Reproducibility Variable	Result	LLM Response
Research Type	Experimental	We comprehensively evaluate our framework with various open-source LVLMs on three long-video understanding benchmarks. Our approach yielded an overall performance improvement of 3.0% 5.4% over base models on MLVU, and outperformed state-of-the-art video RAG methods by 8.6%. Our code is publicly available at https://xiaoqian-shen.github.io/Vgent. Section 4: Experiments. Experimental results demonstrate that our framework consistently improves the performance of existing LVLMs by 3.0% 5.4%.
Researcher Affiliation	Collaboration	Xiaoqian Shen1, Wenxuan Zhang1, Jun Chen1,2, Mohamed Elhoseiny1 1King Abdullah University of Science and Technology, 2Meta AI EMAIL
Pseudocode	No	The paper describes the methodology in Section 3 'Methodology' using prose and pipeline diagrams (e.g., Figure 2). It does not contain any explicitly labeled 'Pseudocode' or 'Algorithm' blocks, nor does it present structured steps in a code-like format.
Open Source Code	Yes	Our code is publicly available at https://xiaoqian-shen.github.io/Vgent.
Open Datasets	Yes	We comprehensively evaluate our framework with various open-source LVLMs on three long-video understanding benchmarks. Our approach yielded an overall performance improvement of 3.0% 5.4% over base models on MLVU, and outperformed state-of-the-art video RAG methods by 8.6%. Benchmarks. We evaluate the performances of each model across three long-video benchmarks. Video-MME [13] is a widely used benchmark... MLVU [57] is a long-video understanding benchmark... Long Video Bench (LVB) [50] focuses on referred reasoning tasks...
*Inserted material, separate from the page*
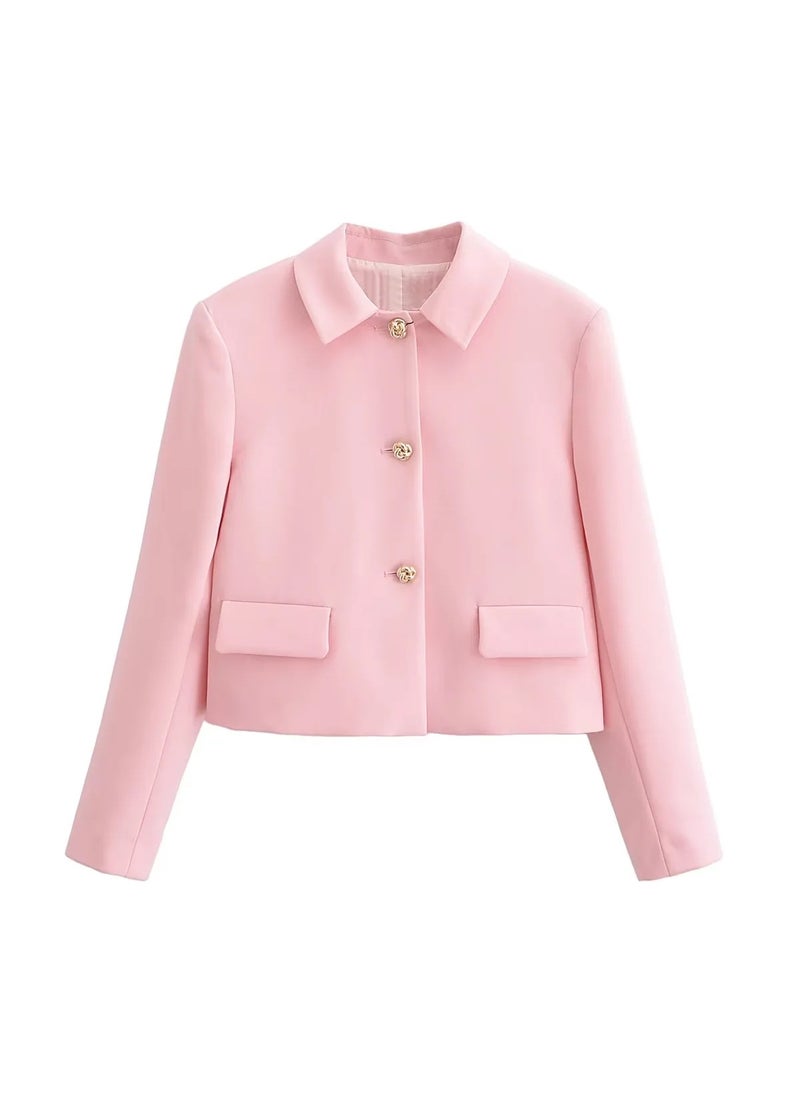 Generic 2024 Spring Chic Solid Color Cropped Blazer Pink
Dataset Splits	Yes	Benchmarks. We evaluate the performances of each model across three long-video benchmarks. Video-MME [13]... MLVU [57]... Long Video Bench (LVB) [50]... For MLVU [57], we extract spoken content using openai/whisper-large, while for Video MME [13] and Long Video Bench [50], we use the provided subtitles from benchmark.
Hardware Specification	Yes	All experiments are conducted on A100 80G GPUs.
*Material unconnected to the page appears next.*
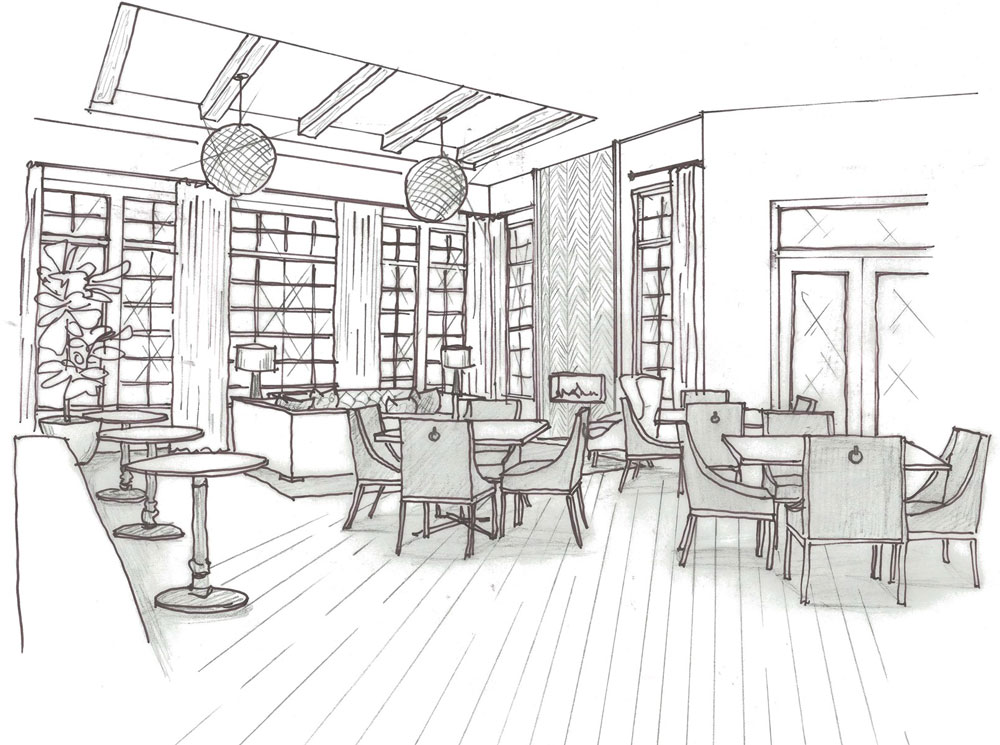 Black and white pencil sketch of a clubhouse with tall ceilings, many table and chairs with wood beam ceilings.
Software Dependencies	No	The paper mentions tools like 'BAAI/bge-large-en-v1.5' for embeddings and 'openai/whisper-large' for spoken content extraction. However, it does not specify software dependencies with explicit version numbers (e.g., Python 3.x, PyTorch 1.x).
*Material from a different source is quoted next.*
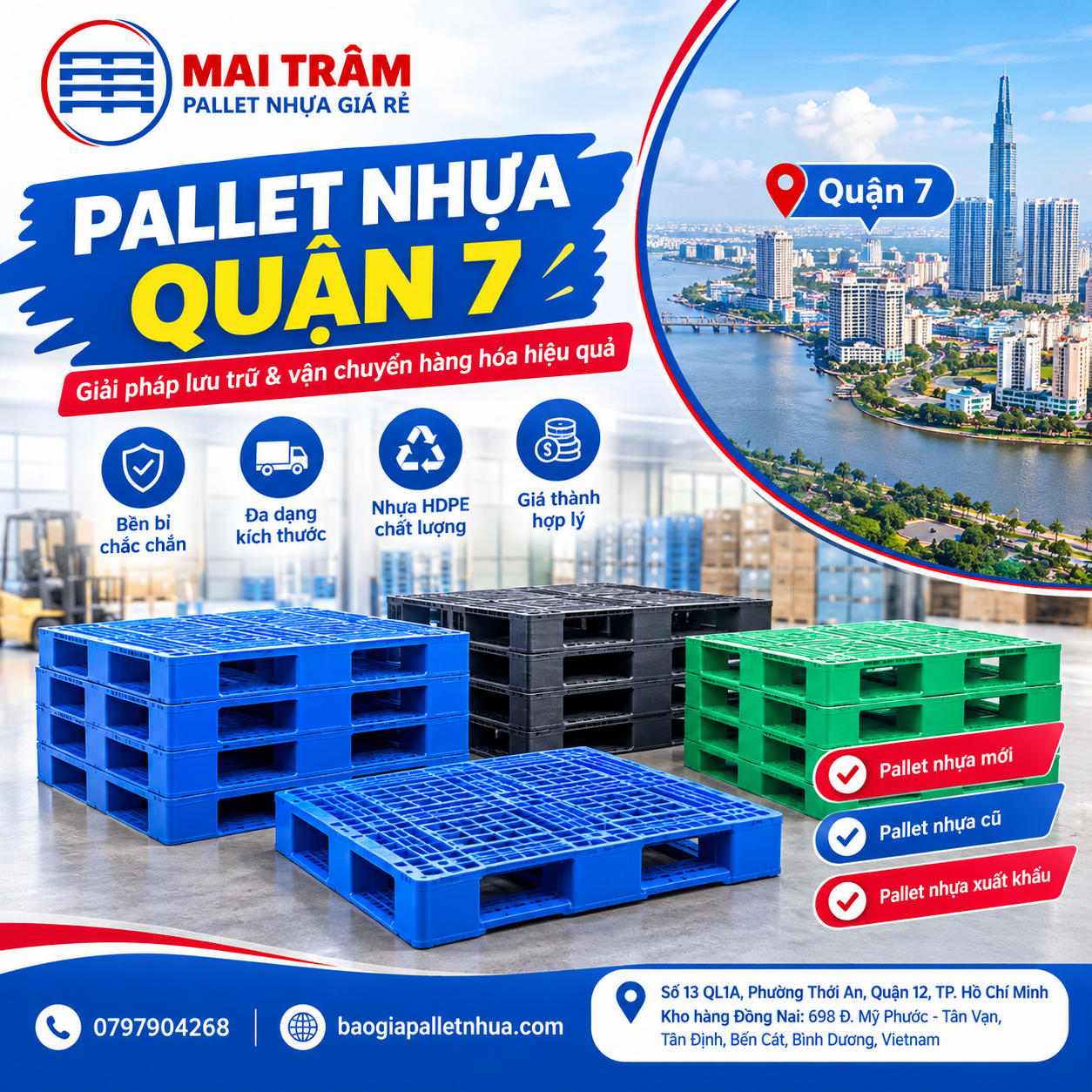 Pallet nhựa quận 7 chất lượng cao giá rẻ hiện nay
Experiment Setup	Yes	During the offline video graph construction, we sample videos at 1.0 FPS, segmenting the long video into clips, each containing K = 64 frames. We use the BAAI/bge-large-en-v1.5 [51] embedding for similarity calculation. The entity merging threshold is set to τ = 0.7. In the online retrieval stage, we use BAAI/bge-large-en-v1.5 to retrieve the top N = 20 clips based on extracted keywords (maximum to 20 to discard low-relevance, with a similarity threshold θ = 0.5). After structured query refinement, we retain a maximum of r = 5 clips. Thresholds are set as the same for all three benchmarks, with hyper-parameter selection details provided in the supplementary.